## Work to complete
When a picture appears among the records, leave it out, and copy all else exactly.
_ _ _ _
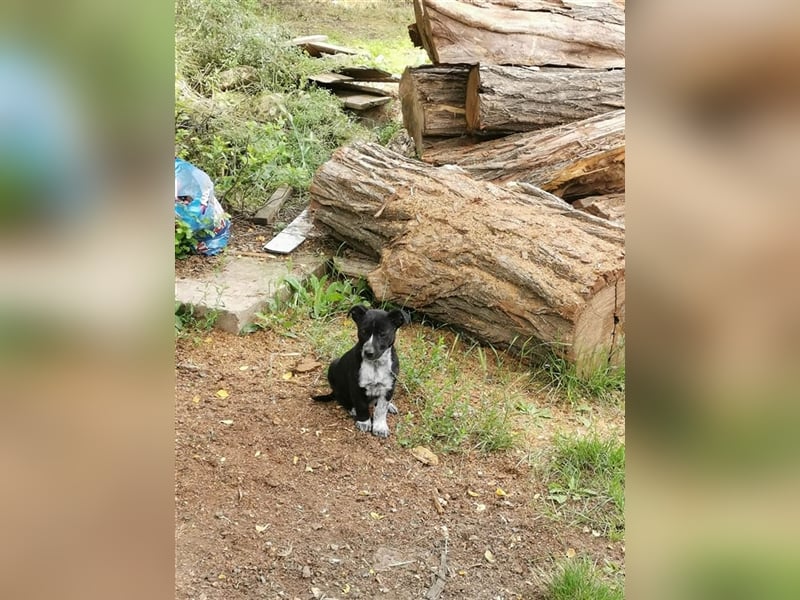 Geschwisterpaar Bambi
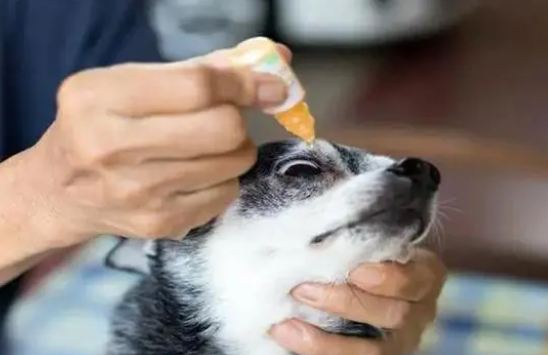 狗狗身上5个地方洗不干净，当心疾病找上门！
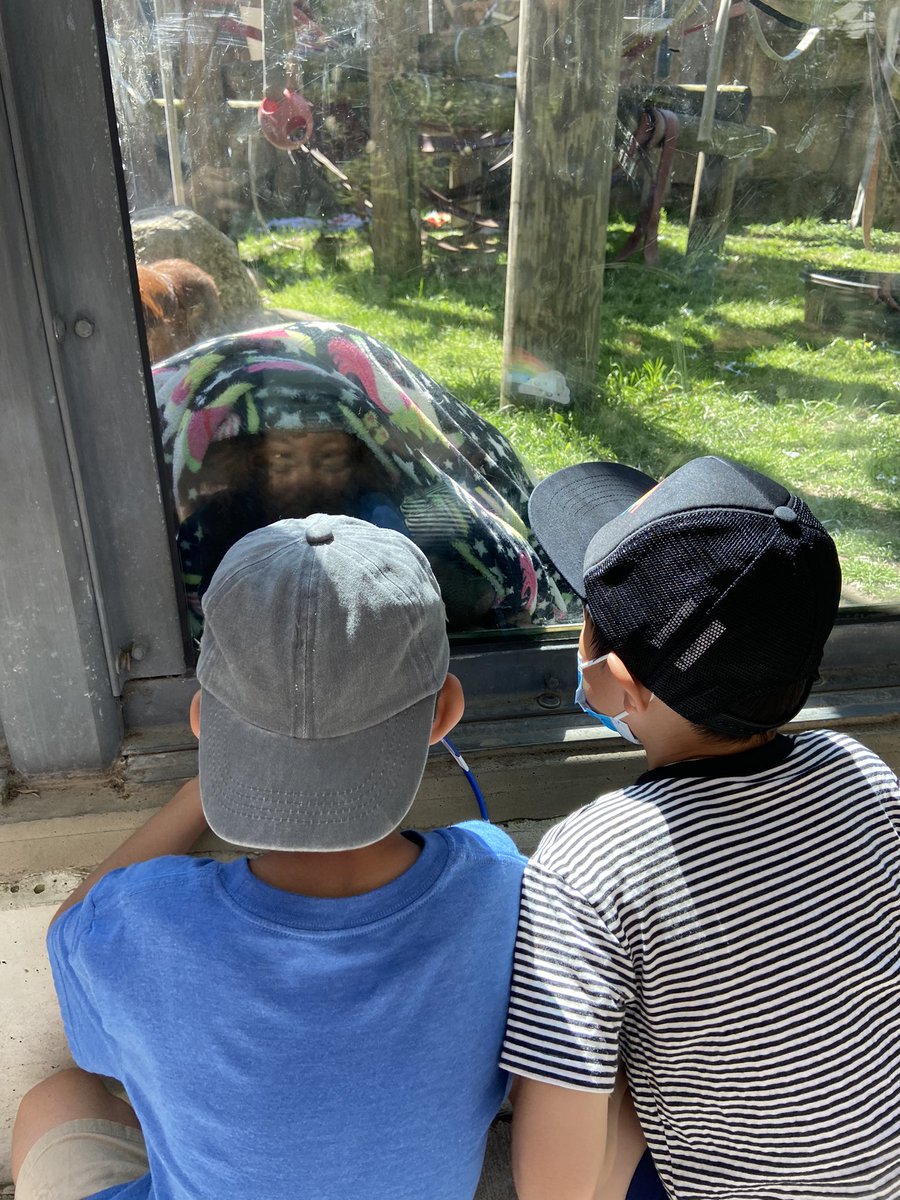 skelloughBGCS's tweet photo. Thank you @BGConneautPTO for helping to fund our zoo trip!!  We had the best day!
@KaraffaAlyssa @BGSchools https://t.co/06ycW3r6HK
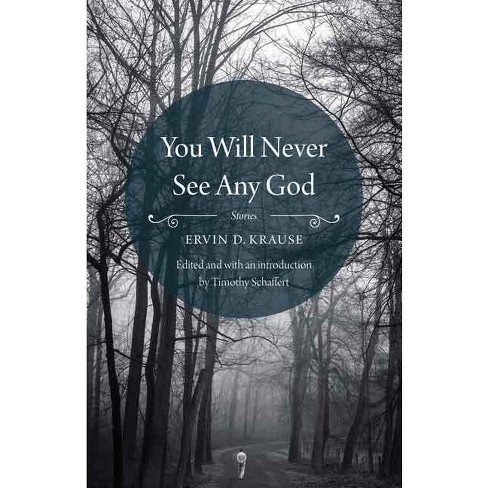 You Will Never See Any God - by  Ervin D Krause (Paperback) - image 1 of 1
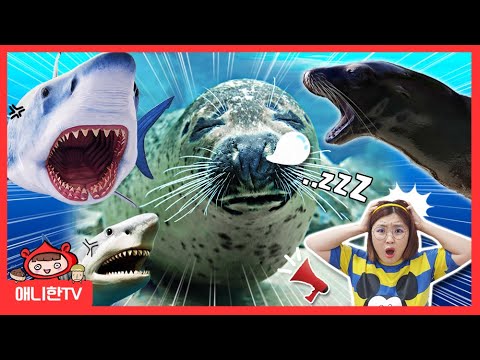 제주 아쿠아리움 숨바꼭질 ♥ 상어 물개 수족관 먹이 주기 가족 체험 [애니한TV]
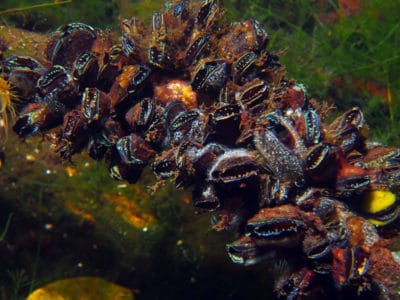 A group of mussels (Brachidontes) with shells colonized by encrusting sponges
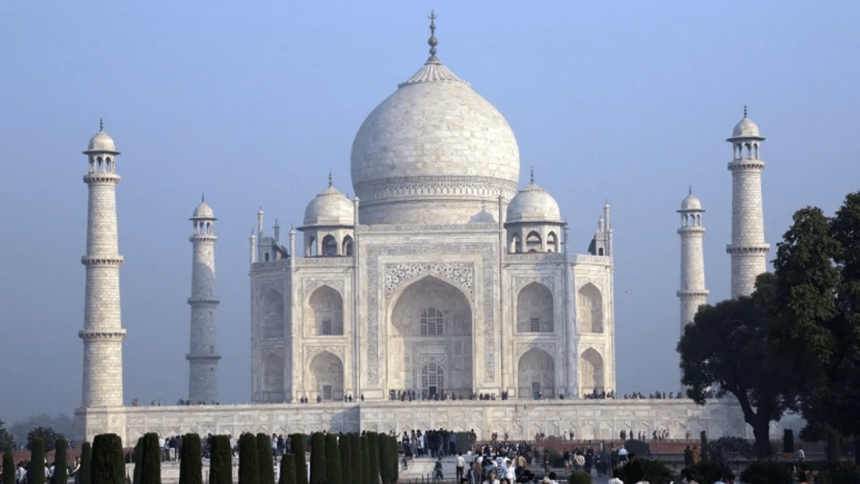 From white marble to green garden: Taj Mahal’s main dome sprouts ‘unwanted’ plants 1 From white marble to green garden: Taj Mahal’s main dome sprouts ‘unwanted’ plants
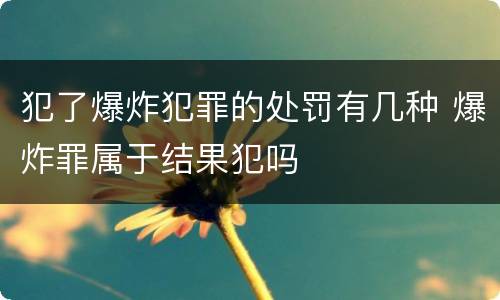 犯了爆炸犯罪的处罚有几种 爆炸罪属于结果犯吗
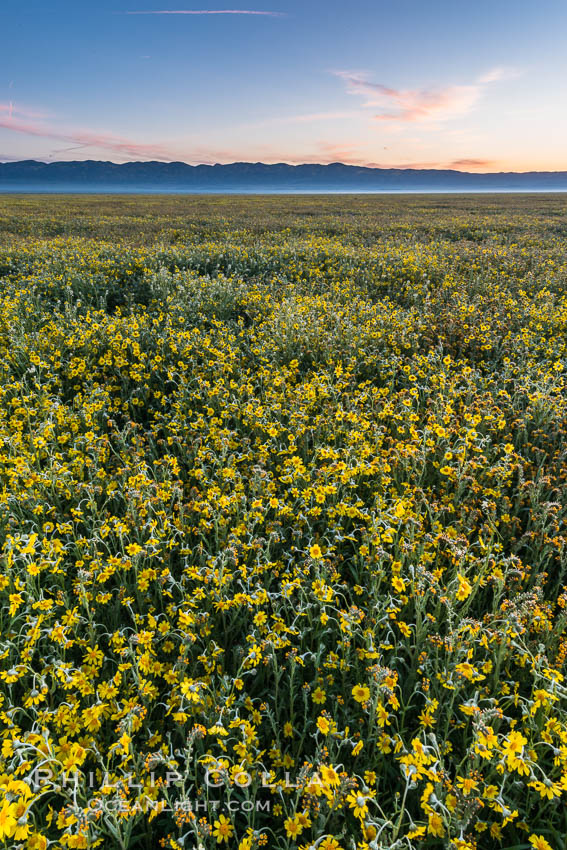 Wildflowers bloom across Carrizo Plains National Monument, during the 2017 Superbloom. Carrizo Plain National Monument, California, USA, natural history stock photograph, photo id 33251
_ _ _ _
## Reply
 Geschwisterpaar Bambi
 狗狗身上5个地方洗不干净，当心疾病找上门！
 skelloughBGCS's tweet photo. Thank you @BGConneautPTO for helping to fund our zoo trip!!  We had the best day!
@KaraffaAlyssa @BGSchools https://t.co/06ycW3r6HK
 You Will Never See Any God - by  Ervin D Krause (Paperback) - image 1 of 1
 제주 아쿠아리움 숨바꼭질 ♥ 상어 물개 수족관 먹이 주기 가족 체험 [애니한TV]
 A group of mussels (Brachidontes) with shells colonized by encrusting sponges
 From white marble to green garden: Taj Mahal’s main dome sprouts ‘unwanted’ plants 1 From white marble to green garden: Taj Mahal’s main dome sprouts ‘unwanted’ plants
 犯了爆炸犯罪的处罚有几种 爆炸罪属于结果犯吗
 Wildflowers bloom across Carrizo Plains National Monument, during the 2017 Superbloom. Carrizo Plain National Monument, California, USA, natural history stock photograph, photo id 33251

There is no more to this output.